YOUR INSTRUCTIONS: Within the records that follow, restate exactly the lines from the line with "2003 NISSAN SENTRA — Фото 8 из 12" down to the line with "Appartement lumineux de", including both. Omit the pictures.

DATASET ENTRIES:

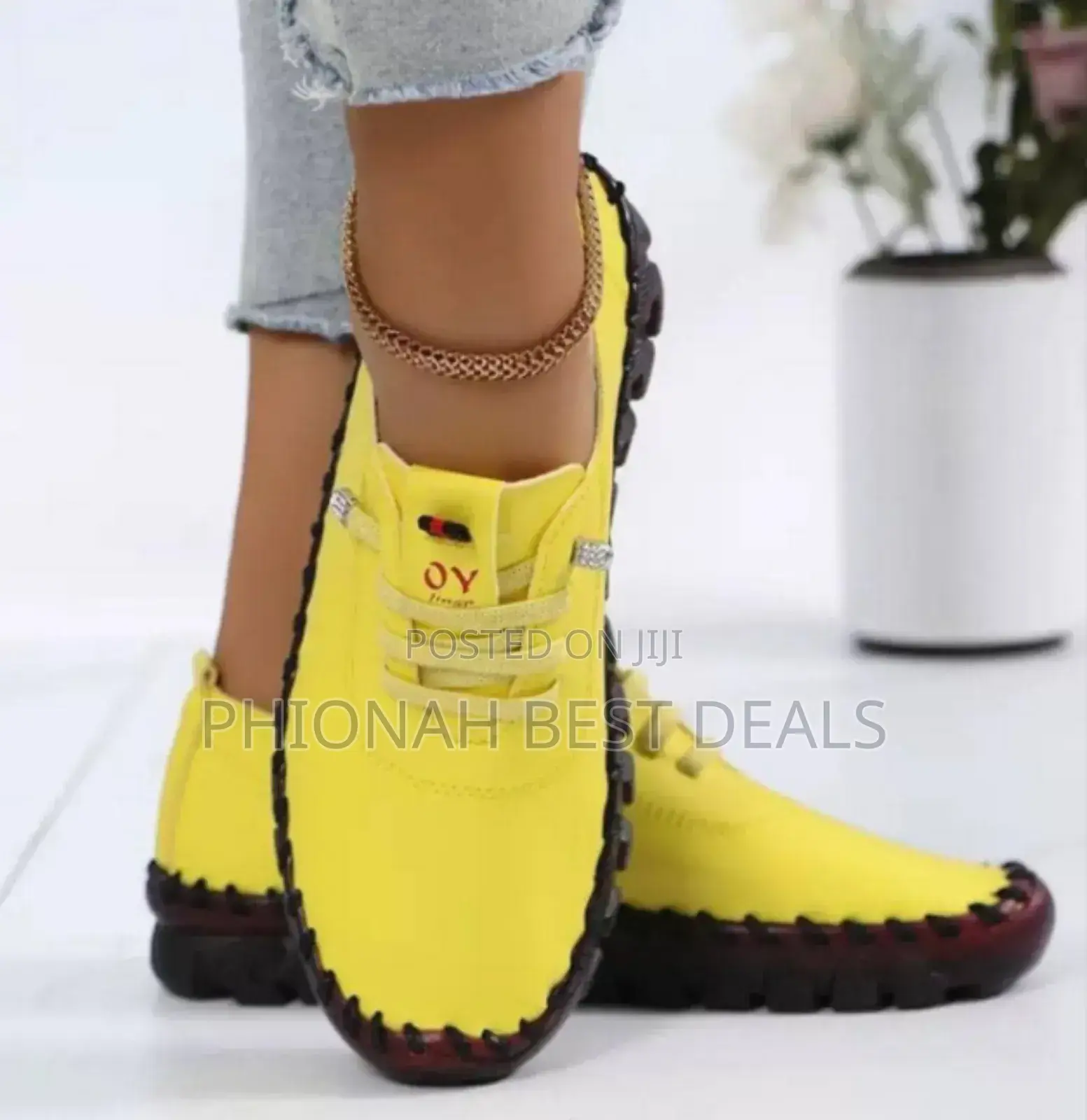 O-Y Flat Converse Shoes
==
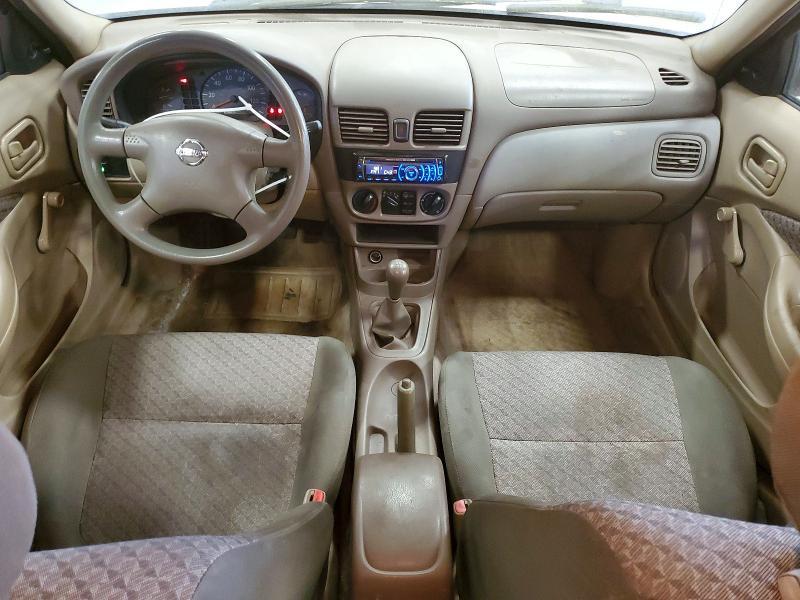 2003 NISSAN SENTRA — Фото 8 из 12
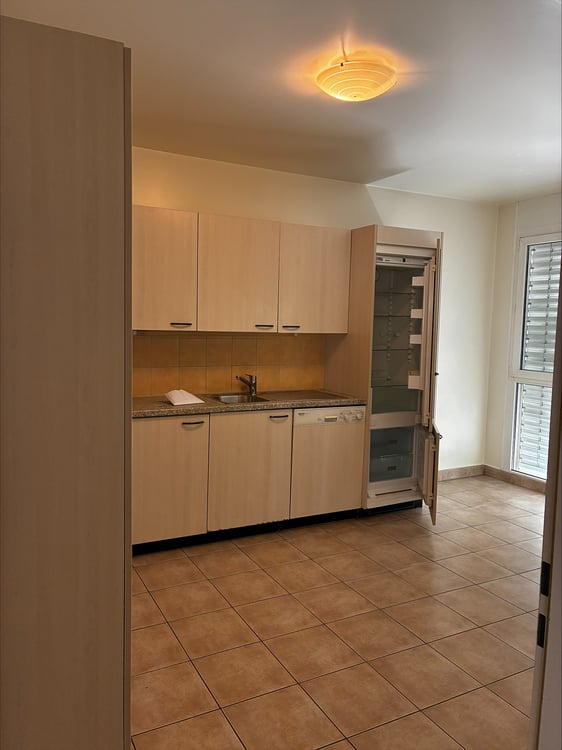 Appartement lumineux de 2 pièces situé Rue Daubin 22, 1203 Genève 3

SOLUTION:
 2003 NISSAN SENTRA — Фото 8 из 12
 Appartement lumineux de 2 pièces situé Rue Daubin 22, 1203 Genève 3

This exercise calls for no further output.